[Numpy-discussion] Allow __getitem__ to support custom objects

Sebastian Berg sebastian at sipsolutions.net
Fri Oct 30 11:12:51 EDT 2020


On Thu, 2020-10-29 at 23:58 -0600, Aaron Meurer wrote:
> On Thu, Oct 29, 2020 at 6:09 PM Sebastian Berg
> <sebastian at sipsolutions.net> wrote:
> > On Tue, 2020-10-27 at 17:15 -0600, Aaron Meurer wrote:
> > > For ndindex (https://quansight.github.io/ndindex/), the biggest
> > > issue
> > > with the API is that to use an ndindex object to actually index
> > > an
> > > array, you have to use a[idx.raw] instead of a[idx]. This is
> > > because
> > > for NumPy arrays, you cannot allow custom objects to be indices.
> > > The
> > > exception is objects that define __index__, but this only works
> > > for
> > > integer indices. If __index__ returns anything other than an
> > > integer,
> > > you get an IndexError. This is annoying because it's easy to
> > > forget
> > > to
> > > do this when working with the ndindex API, and the error message
> > > from
> > > NumPy isn't informative about what went wrong unless you know to
> > > expect it.
> > > 
> > > I'd like to propose an API that would allow custom objects to
> > > define
> > > how they should be converted to a standard NumPy index, similar
> > > to
> > > __index__ but that supports all index types. I think there are
> > > two
> > > options here:
> > > 
> > > - Allow __index__ to return any index type, not just integers.
> > > This
> > > is
> > > the simplest because it reuses an existing API, and __index__ is
> > > the
> > > best possible name for this API. However, I'm not sure, but this
> > > may
> > > actually conflict with the text of PEP 357
> > > (https://www.python.org/dev/peps/pep-0357/). Also, some other
> > > APIs
> > > use
> > > __index__ to check if something is an indexable integer, which
> > > wouldn't accept generic index. For example, elements of a slice
> > > can
> > > be
> > > any object that defines __index__.
> > > 
> > 
> > Index converts to an integer (safely).  There is an assumptions
> > that
> > the integer is good for indexing, but I the name shouldn't be taken
> > to
> > mean it is specific to indexing (even if that was the main
> > motivation).
> > 
> > 
> > > - Add a new __numpy_index__ API that works like
> > > 
> > > def __numpy_index__(self):
> > >     return <tuple, integer, slice, newaxis, ellipsis, or integer
> > > or
> > > boolean array>
> > > 
> > > In NumPy, __getitem__ and __setitem__ on ndarray would first
> > > check if
> > > the input index type is one of the known types as it currently
> > > does,
> > > then it would try __index__, and if neither of those fails, it
> > > would
> > > call __numpy_index__(index) and use that.
> > 
> > Do you anticipate just:
> > 
> >     arr[index]
> > 
> > or also:
> > 
> >     arr[index1, index2]
> 
> I think both should work.
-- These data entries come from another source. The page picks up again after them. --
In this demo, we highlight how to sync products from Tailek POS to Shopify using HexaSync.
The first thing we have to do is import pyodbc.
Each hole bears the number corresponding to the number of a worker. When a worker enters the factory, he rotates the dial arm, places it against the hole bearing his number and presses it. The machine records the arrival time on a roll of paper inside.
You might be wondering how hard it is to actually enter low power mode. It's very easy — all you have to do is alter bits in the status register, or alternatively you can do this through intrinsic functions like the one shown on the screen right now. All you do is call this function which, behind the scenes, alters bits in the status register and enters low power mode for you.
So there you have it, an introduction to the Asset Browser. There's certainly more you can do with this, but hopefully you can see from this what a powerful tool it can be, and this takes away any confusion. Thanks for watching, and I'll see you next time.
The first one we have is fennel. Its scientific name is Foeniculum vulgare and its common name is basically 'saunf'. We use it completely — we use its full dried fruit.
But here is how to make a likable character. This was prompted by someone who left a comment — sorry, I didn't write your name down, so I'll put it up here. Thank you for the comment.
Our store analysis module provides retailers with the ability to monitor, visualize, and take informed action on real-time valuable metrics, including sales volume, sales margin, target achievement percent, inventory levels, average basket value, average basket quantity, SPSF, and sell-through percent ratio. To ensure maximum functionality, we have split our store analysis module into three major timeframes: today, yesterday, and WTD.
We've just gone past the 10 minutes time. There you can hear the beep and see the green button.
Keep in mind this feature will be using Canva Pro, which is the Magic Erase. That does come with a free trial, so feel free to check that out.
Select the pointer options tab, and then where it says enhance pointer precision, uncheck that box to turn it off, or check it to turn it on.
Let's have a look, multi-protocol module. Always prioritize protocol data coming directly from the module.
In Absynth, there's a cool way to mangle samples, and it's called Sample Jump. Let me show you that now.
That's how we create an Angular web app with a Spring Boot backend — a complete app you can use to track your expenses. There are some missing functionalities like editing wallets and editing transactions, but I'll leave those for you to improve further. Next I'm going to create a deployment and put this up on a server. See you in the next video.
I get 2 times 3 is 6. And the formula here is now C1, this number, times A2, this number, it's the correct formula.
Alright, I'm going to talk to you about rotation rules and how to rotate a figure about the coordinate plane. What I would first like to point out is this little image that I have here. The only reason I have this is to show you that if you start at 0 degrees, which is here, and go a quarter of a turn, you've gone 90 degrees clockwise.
If the second one doesn't work it would be
> surprising.
> 
> > Would you expect pandas or array-like objects to support this as
> > well?
> 
> Yes, it would probably be best for array-like to also work with the
> same API.
> 
> I don't know much about Pandas. It seems like it already allows a lot
> of indexing stuff. Do Series/Dataframe already have such an API?

I do not think so, but indexing in pandas works differently often. So I
was curious whether y

> 
> > If we only do `arr[index]` might subclassing tuple be sufficient?
> 
> I guess that technically works, except now your objects have to act
> like a tuple, even if they represent something like a slice (Python
> does not allow subclassing slice). For ndindex I've tried to make a
> distinction between objects as representing indices and the built-in
> objects that happen to be used to represent those indices by default.
> So an ndindex.Tuple explicitly doesn't work like a Tuple, an
> ndindex.Integer doesn't work like an int, and so on. That way there
> is
> a clear distinction between ndindex operations and operations on the
> built-in types.
> 
> > Do
> > you have any thought on how this might play out with a potential
> > `arr.oindex[...]`?
> 
> I think oindex[idx] would call the same API on idx. I'm not sure if
> it
> matters that it's oindex, since that's at a higher level.

It is at a higher level, but it seemed to me that `ndindex` largely
plays at that level.  For example, you have a method to implement index
chaining:

    arr[idx1][idx2] == arr[idx1.as_subindex(idx2)]

(or similar). But this will not work:

    arr.oindex[idx1].oindex[idx2] != arr.idx[idx1.as_subindex(idx2)]

Also the "result" shape, or even questions like `.isempty()` will give
different answers when  used as an `.oindex[...]`.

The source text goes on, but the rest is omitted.